Wer im Sommer durch die Gassen von Bardolino oder Lazise schlendert, kennt das typische Bild: Cafés voller Gäste, Stimmengewirr in vielen Sprachen – allen voran Deutsch. Doch in diesem Jahr ist es anders. In den Restaurants sind freie Tische keine Seltenheit und am Abend schließen manche Läden früher als gewohnt. Grund dafür ist eine Entwicklung, die viele Hoteliers und Händler alarmiert: Immer weniger deutsche und italienische Urlauber zieht es an den Gardasee.
Gardasee: Rasanter Preisanstieg
Fabio Pasqualini, Präsident des Handelsverbands Confcommercio Bardolino, brachte die Stimmung gegenüber der Regionalzeitung Corriere del Veneto auf den Punkt: „Der Sommer verläuft längst nicht so rosig, wie man glauben möchte.“ Neben der allgemeinen Kaufkraftbelastung fallen vielerorts deutlich höhere Restaurant- und Barpreise ins Gewicht. Für Familien summiert sich ein einfacher Abend schnell zu Beträgen, die vor wenigen Jahren noch unvorstellbar waren.
Hinzu kommt ein Faktor, der nichts mit den Preisen vor Ort zu tun hat, aber für Urlauber dennoch entscheidend ist: die Anreise. Mehrere Berichte verweisen auf umfangreiche Bauarbeiten und Verkehrsengpässe am Brenner, der wichtigsten Verbindung von Bayern nach Norditalien; die Fahrtzeit verlängert sich spürbar – ein zusätzlicher Grund, den Trip an den See zu verschieben.

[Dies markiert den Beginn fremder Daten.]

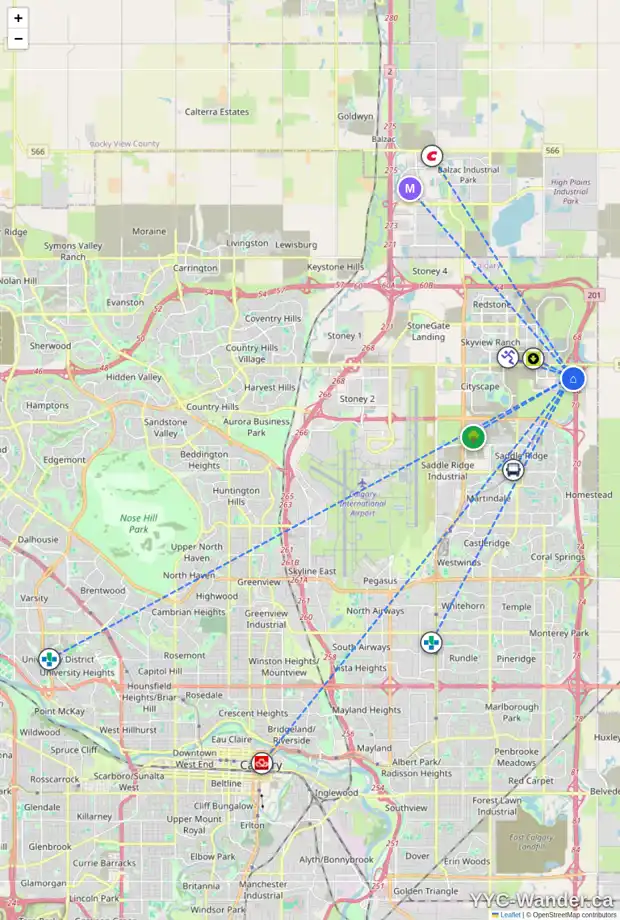 Daily accessibility map for 709 CORNER MEADOWS WY NE, Calgary showing nearby schools, grocery stores, parks, LRT stations and nearby amenities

Neue Gäste, andere Gewohnheiten
Dennoch ist der Gardasee nicht leer – nur das Publikum hat sich verändert. Laut Regionalmedien füllen Urlauber aus Nordeuropa die entstandenen Lücken. Diese Gäste haben jedoch ein anderes Reiseverhalten: Sie übernachten bevorzugt auf Campingplätzen, kochen selbst, verbringen den Abend eher am Zeltplatz und geben in Bars, Boutiquen und Souvenirläden weniger aus. Passend dazu heißt es: „Es fehlen Italiener und Deutsche.“
Das zeigt sich vor allem nach Sonnenuntergang: Wo früher die Promenaden und Gassen bis Mitternacht voller Leben waren, wirken manche Orte heute deutlich ruhiger. Hotels beklagen freie Zimmer, während Campingplätze vielerorts gut ausgelastet sind – ein Strukturwandel, der die Kassenlage im Einzelhandel spürbar verändert.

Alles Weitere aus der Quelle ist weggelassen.